Psikoloji Dünyasında Devrim: Rosenhan Deneyi Nedir?
Rosenhan deneyi nedir? Tüm dünyada büyük yankı uyandıran ve köklü değişimlere neden olmuştur. Tarihin en çarpıcı araştırması olarak da bilinen deney, David Rosenhan tarafından yapılıyor. David Rosenhan Stanford Üniversitesinin öğretim üyesidir. 1973 yılında Science dergisinde yayınlanan deney, delilerin arasında akıllı olmak konusunda yapılan bir araştırmadır.
Rosenhan Deneyi Nedir?
Rosenhan deneyinde 8 kişi hastaneye başvuruluyor. Bu kişiler çeşitli sesler duyduğunu belirterek hastaneye geliyor. Çeşitli meslek gruplarından gelen bu kişiler, aslında hiç ses duymuyorlar. Sadece deney için ses duyduklarını söylüyorlar. Deneye katılan kişiler arasında David Rosenhan da yer alıyor.

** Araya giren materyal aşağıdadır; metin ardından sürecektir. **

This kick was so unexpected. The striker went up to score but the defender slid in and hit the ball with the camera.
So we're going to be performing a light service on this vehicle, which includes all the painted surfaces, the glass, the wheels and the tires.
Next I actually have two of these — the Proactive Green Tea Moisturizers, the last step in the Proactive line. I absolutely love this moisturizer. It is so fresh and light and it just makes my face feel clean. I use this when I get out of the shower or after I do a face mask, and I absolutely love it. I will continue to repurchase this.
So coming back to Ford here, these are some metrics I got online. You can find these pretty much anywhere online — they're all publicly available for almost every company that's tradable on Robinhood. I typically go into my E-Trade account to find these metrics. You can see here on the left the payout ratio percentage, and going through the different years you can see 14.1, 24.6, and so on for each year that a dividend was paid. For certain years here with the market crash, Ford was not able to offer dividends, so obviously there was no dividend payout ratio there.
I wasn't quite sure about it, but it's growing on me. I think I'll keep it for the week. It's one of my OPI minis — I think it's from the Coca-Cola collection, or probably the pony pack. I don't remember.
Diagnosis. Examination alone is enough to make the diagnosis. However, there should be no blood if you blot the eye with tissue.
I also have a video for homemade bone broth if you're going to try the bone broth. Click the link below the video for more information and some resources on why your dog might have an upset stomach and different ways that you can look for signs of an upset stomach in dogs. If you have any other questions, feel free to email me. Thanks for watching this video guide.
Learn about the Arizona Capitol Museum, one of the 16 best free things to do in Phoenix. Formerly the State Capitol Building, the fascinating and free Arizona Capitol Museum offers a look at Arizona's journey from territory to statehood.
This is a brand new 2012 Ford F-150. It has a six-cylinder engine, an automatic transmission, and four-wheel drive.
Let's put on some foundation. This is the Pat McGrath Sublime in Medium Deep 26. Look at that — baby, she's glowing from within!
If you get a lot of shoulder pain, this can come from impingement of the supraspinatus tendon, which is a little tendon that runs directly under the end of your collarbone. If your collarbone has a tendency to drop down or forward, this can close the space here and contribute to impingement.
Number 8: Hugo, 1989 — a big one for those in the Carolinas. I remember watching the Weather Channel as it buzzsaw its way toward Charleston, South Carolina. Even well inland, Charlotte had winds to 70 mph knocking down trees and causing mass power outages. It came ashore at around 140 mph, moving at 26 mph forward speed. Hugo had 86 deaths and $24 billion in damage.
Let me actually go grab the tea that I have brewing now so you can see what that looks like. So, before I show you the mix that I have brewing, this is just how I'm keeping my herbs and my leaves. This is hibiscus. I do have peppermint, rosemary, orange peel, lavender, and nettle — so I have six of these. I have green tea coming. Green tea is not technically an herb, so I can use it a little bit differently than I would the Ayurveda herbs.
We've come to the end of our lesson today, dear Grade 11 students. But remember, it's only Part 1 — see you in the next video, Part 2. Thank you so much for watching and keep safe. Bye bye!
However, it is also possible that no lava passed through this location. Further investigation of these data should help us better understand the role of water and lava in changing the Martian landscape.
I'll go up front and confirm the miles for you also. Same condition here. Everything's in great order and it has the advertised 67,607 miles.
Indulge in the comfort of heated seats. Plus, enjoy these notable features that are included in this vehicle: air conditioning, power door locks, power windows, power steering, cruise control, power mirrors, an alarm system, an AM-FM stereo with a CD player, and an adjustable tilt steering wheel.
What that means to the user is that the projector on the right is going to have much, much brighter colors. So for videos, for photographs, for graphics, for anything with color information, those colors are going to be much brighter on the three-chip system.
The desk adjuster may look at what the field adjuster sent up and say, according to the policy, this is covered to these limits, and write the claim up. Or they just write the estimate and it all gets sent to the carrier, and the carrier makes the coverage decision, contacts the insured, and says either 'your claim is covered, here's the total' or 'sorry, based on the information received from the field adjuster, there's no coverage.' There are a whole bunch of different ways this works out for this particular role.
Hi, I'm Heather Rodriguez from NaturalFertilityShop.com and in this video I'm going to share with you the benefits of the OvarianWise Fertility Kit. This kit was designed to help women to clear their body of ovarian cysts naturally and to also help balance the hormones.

Hastalara çeşitli teşhisler konarak tedavi edilmeye başlanıyor. Bir süre sonra hastalar artık iyileştiğini söyleyerek rahatsızlıklarının ortadan kalktığını belirtirler. Ancak, bu kişilerin “iyileştim” demelerini hastane görevlileri ciddiye almamışlardır ve tedavi sürecine devam etmişlerdir. Ayrıca hastalara ilaç verilmeye de devam etmiştir.
Hastalar 19 gün boyunca tedavi edilirler. 19 gün geçtikten sonra 7 hasta taburcu edilir. İçlerinden sadece bir tanesi taburcu edilemez. Çünkü bu hastaya hafif şizofreni teşhisi konur.
Bu kısmın asıl kötü yanı gelen sahte hastaların, ilaçların etkisi ile kendini kötü hissetmeye başlamasıdır. Deneyin ilk kısmı hastaların taburcu edilmesiyle biter.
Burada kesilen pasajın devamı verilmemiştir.